# Multi-armed Bandits Algorithms

This notebook explains and reproduces the most popular multi-armed bandits (MAB) algorithms:
- epsilon-greedy
- UCB
- Thompson Sampling

### What?
MAB is a classic reinforcement learning problem for balancing the trade-off between exploration vs exploitation.

Essentially, MAB formulates various kinds of sequential decision-making problems; thus, it is applicable to a wide range of scenarios.

### Example
In a casino, a gambler plays a slot machine that has `K` pulling arms (the story if there are `K` slot machines with one arm). 

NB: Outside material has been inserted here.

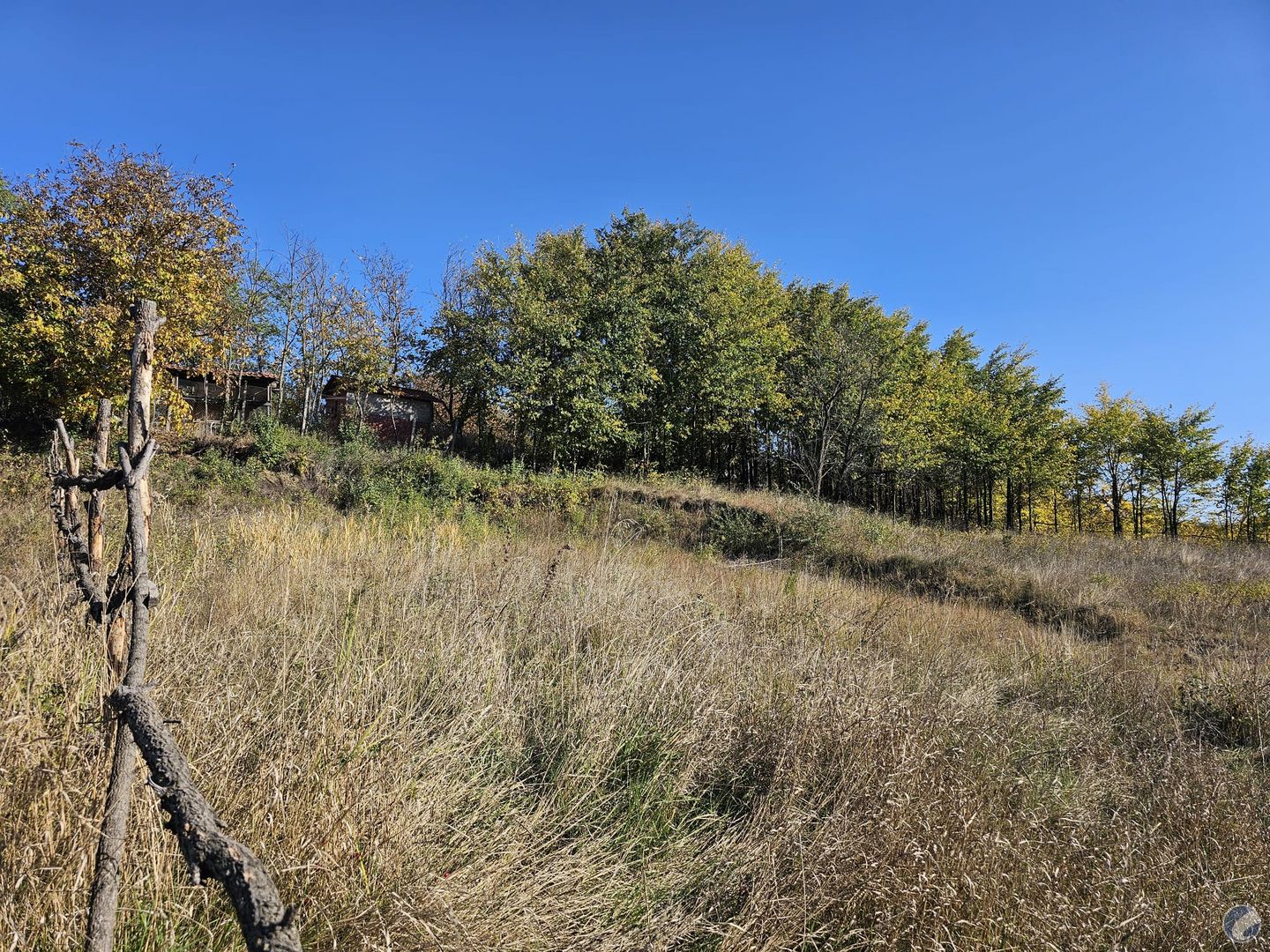 TEREN 1672 IASI COPOU VITICULTORI  LINISTE VERDE PRET NEGOCIABIL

How to leave the casino without being bankrupt? Or even with some earnings?

##### Rules
1. Each arm has a reward distribution that is initially unknown to the gambler.
2. Each round, the gambler can only play one arm and only observe the reward of that very arm.

##### Goal
Maximize the cumulative reward before he bankrupts or the casino closes.

# Algorithms

In [4]:
import numpy as np
import matplotlib.pyplot as plt

# Problem (Bandit Environment)

Don't get confused.

MAB algorithms solves MAB problems.

We need to define a problem first before investigating how each algorithms perform.

### The gambler, Jack
In front of Jack, the gambler, is a fancy slot machine, called the Fruit Machine.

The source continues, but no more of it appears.